This documentary on the 80s air disaster is a multi-layered, compelling watch. It’s a gripping detective story and a beautifully-made, sensitive portrait of grief
Trauma survivors … Margaret and Hugh Connell who found one of the bodies still with its seat.
The four-part series Lockerbie is a masterly example of a true-crime documentary put together with great care and compassion, which offers compelling insights into a familiar story. The first episode sensitively recalls the disaster that took place over, in and around the Scottish town on 21 December 1988, when Pan Am 103, on its way from Frankfurt and then London to Detroit, via New York City, exploded mid-air, killing all 243 passengers and 16 crew on board, as well as 11 people on the ground.
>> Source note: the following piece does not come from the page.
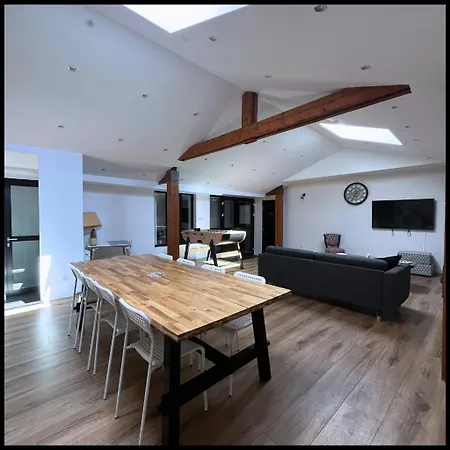 Апартаменты ꨄ Sq'loft - 4 Privees *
At first, it was called Britain’s worst ever air crash. Soon, it would also become known as the deadliest terror attack in US history, at that point.
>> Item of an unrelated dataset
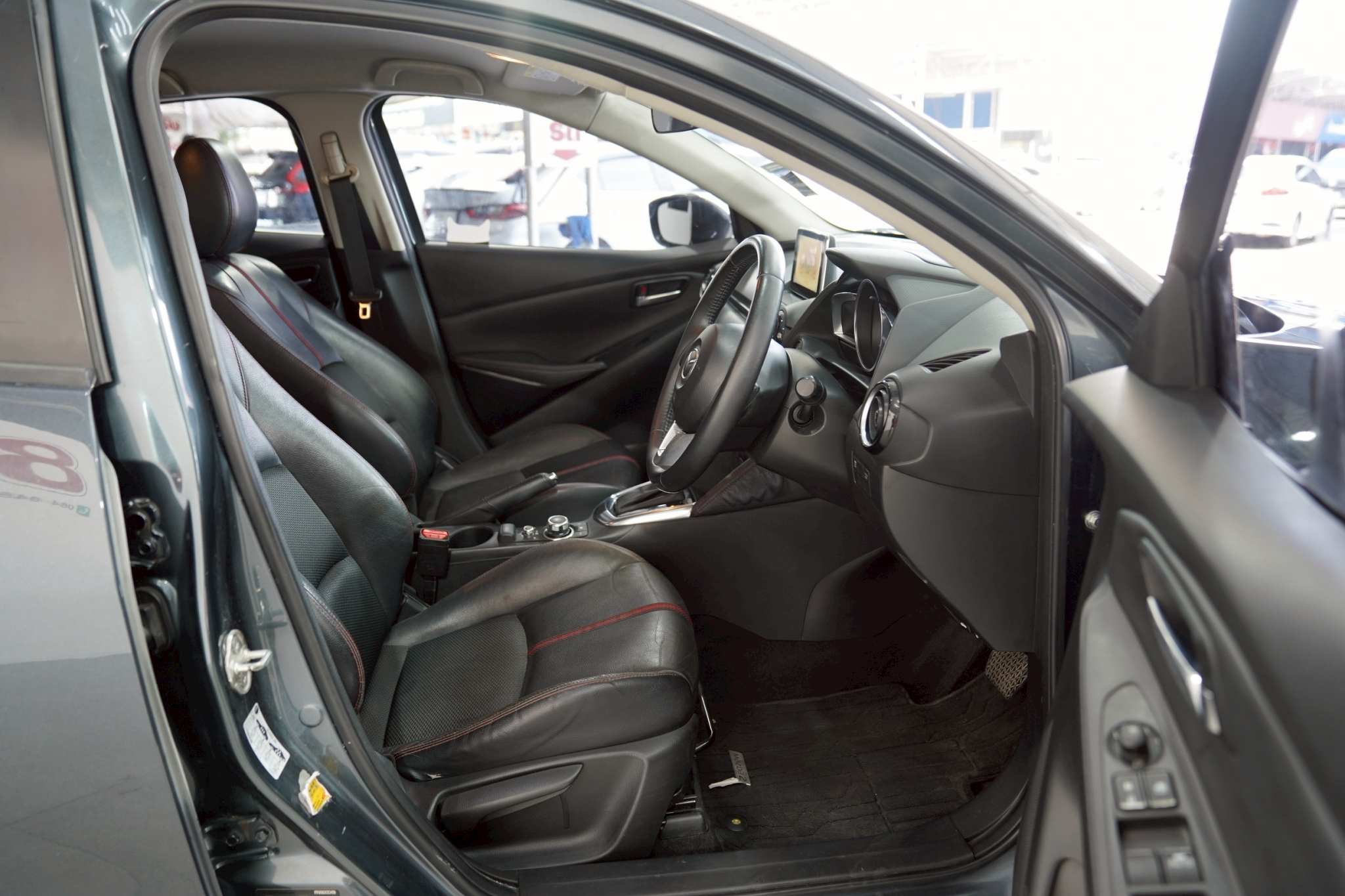 2015 MAZDA 2 HATCHBACK 1.5 XD HIGH PLUS AT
There are plenty of ways to tell the story, and many have been attempted before, but this series takes a multilayered approach, through an extensive, substantial and wide-ranging series of interviews and archive news footage. It opens on the ground, as the residents of Lockerbie explain where they were and what they were doing on that terrible night, moments before a series of explosions blew in the windows. One was watching This Is Your Life, another plucking turkeys for Christmas. Upon leaving their houses, people could not make sense of what they saw. Some thought it must have been a military issue, others that a chemical tanker had exploded, but none could understand how there could be damage from one accident on both sides of the town.
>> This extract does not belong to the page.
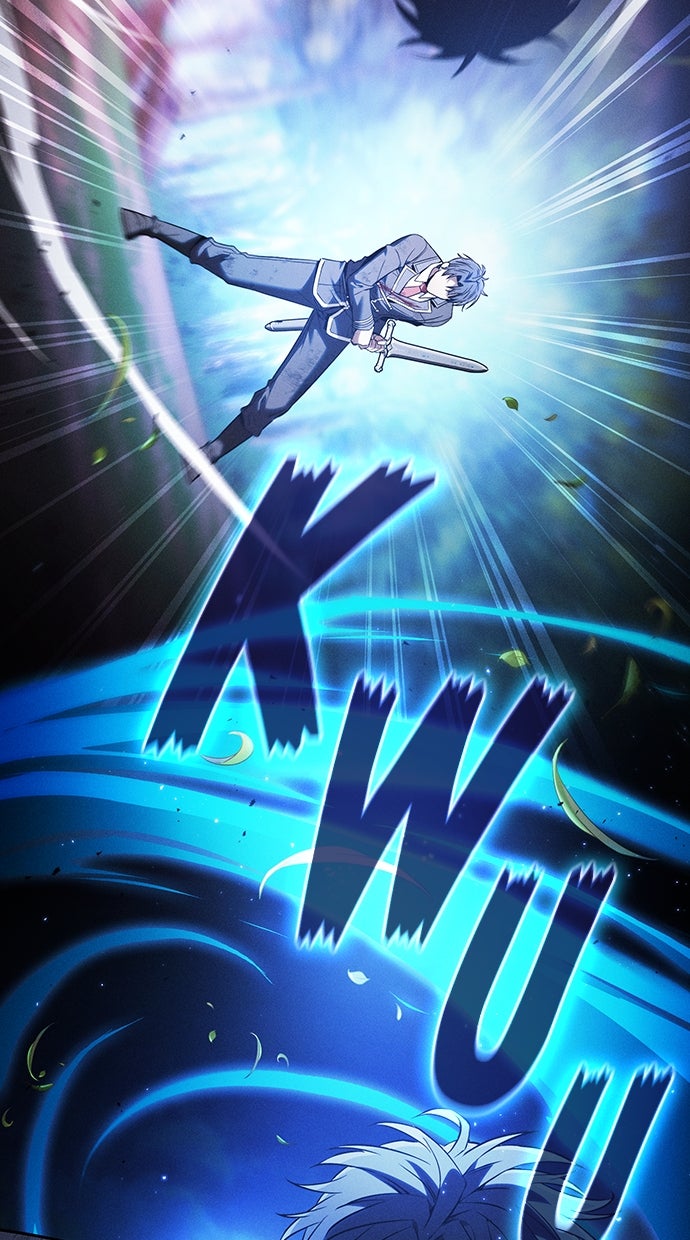 Read Der geniale Schwert - Kämpfer der Akademie Manga Online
A local couple, Margaret and Hugh Connell, get out an album featuring photographs of the area in the hours and days after the crash, painstakingly labelled and stuck into the book. Like other residents, they found bodies, one still with his seat. They kept watch over him until he was taken away. Later, we discover who he was and meet his family. Over archive news footage and reports, others recall their roles: a reporter who was perhaps first on the scene surveys aerial footage from the aftermath, which still appears incomprehensible to him. Another man remains traumatised by the horrors of what landed in his garden. There are snapshots of suitcases, doors, clothes, a child’s shoe. We meet two women who washed the luggage that was found, so that it could be returned to the families of the victims who had owned it. The teddy bears, they say, are what got to them most.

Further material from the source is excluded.